Earlier this month, xAI signed a massive computing deal with Anthropic, pledging billions of dollars each month for exclusive use of the company’s Colossus cluster. This was a coup for both companies, delivering much-needed revenue to xAI and helping Anthropic catch up in the never-ending computing race.
But this morning on X, Elon Musk downplayed exactly how committed SpaceX was to this deal.
“SpaceX hasn’t committed to leasing Colossus for years, but it could happen,” he said in a response to a user. “It’s a 180-day lease, after which we mutually cancel with 90 days’ notice. Short-term is our requirement, not Anthropic’s. We don’t leave them hanging, and we offer a reasonable off-ramp, but we said if compute gets really tight we might need to bring them back at some point.”
Musk’s statement directly contradicts SpaceX’s recent S-1 filing, which presents the contract as a three-year agreement while confirming the standard 90-day cancellation. Page F-62 of the submission says:
On May 3, 2026, we entered into a cloud services agreement with Anthropic PBC, an AI research and development public interest corporation, for access to computing capacity. Pursuant to the agreement, customers agreed to pay monthly fees through May 2029 and receive increased capacity at a reduced rate in May 2026. This Agreement may be terminated by either party upon 90 days’ notice. You retain ownership and intellectual property rights in your content, AI models, and related data.
The important point here is that Anthropic has “agreed to pay monthly fees through May 2029.” This is a very simple explanation of a 3 year lease. The same wording is repeated in a slightly different form on pages 13 and 146 on F-96 (“Customer agreed to pay $1.25 billion monthly through May 2029”), so there’s no typo.
xAI did not respond to requests for clarification.
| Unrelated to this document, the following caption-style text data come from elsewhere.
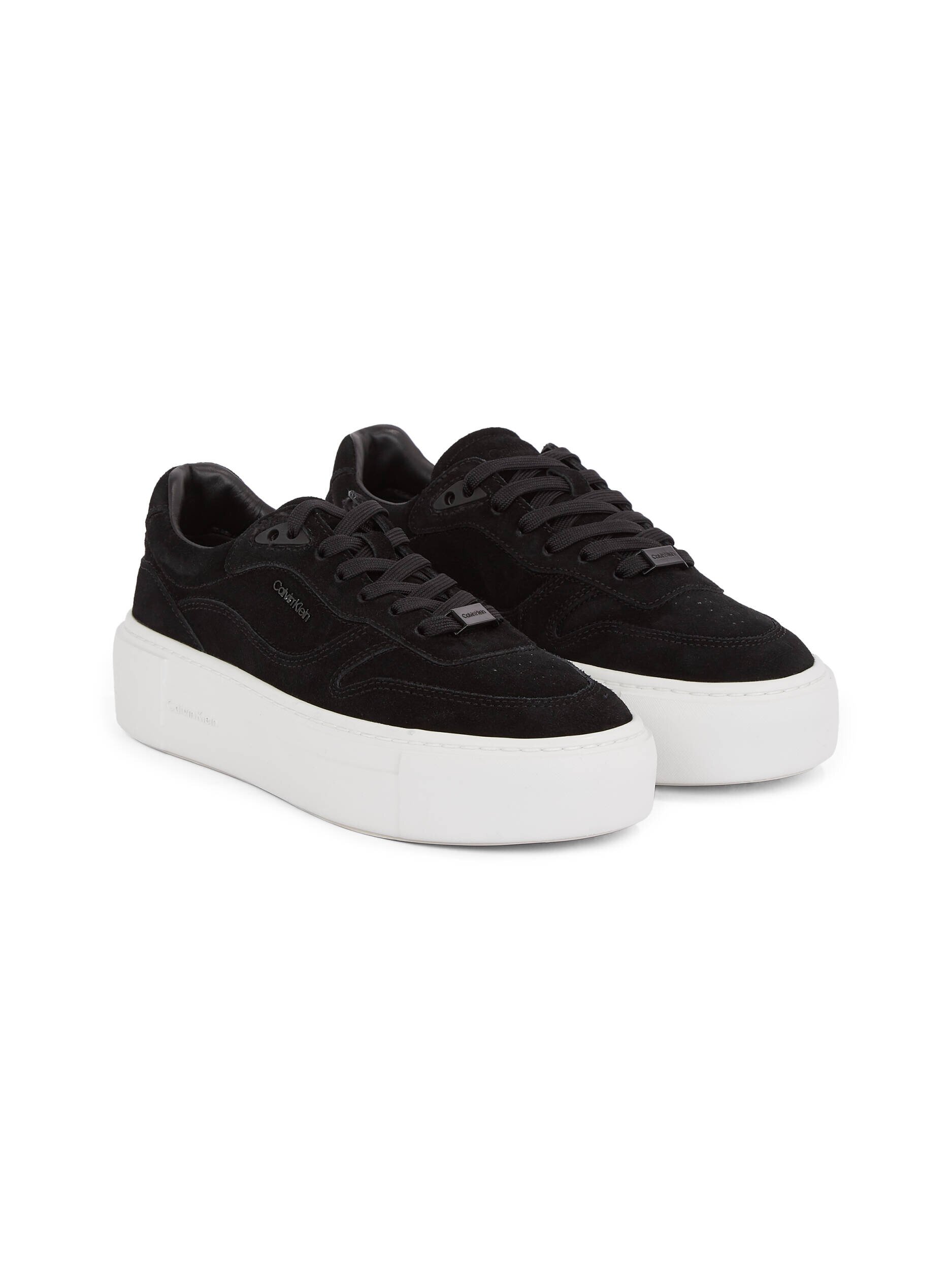 Calvin Klein Sneakers | piele întoarsă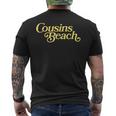 The Summer I Turned Pretty Cousins Beach Light Blue Summer Funny Gifts Mens Back Print T-shirt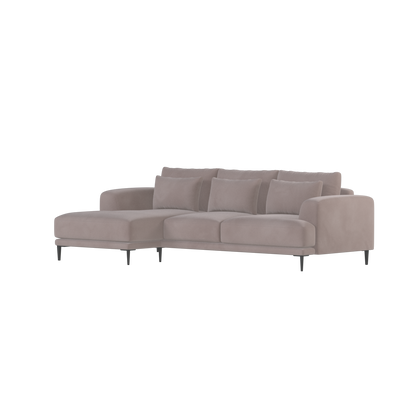 Joe Modular Corner Sofa – High-Quality Fabric Finish
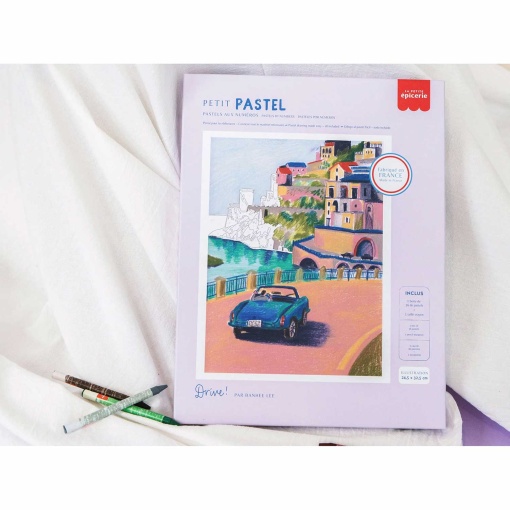 Pintura al pastel por números La Petite Épicerie Petit Pastel 24,5x32,5cm - Drive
Perhaps one could debate whether Anthropic agreeing to pay for a service means the same thing as SpaceX agreeing to provide that service, but that generally doesn’t mean a “lease.” In any case, why would a unilateral lock-in be necessary when either party can terminate the deal with three months’ notice?
I don’t have this contract in front of me, so I don’t know what it says. And neither SpaceX nor Anthropic said anything about the length of the deal in their announcements. Still, there should be some pretty clear facts on this issue here, and it’s not the kind of thing a company wants to make false statements about during a period of silence.
As always, it should be noted that the SEC probably won’t do anything, and even if they did, Elon probably wouldn’t care. However, this kind of behavior looks like a material misrepresentation made during the marketing of a security, which is bad karma at the very least.
Sean O’Kane contributed reporting to this article.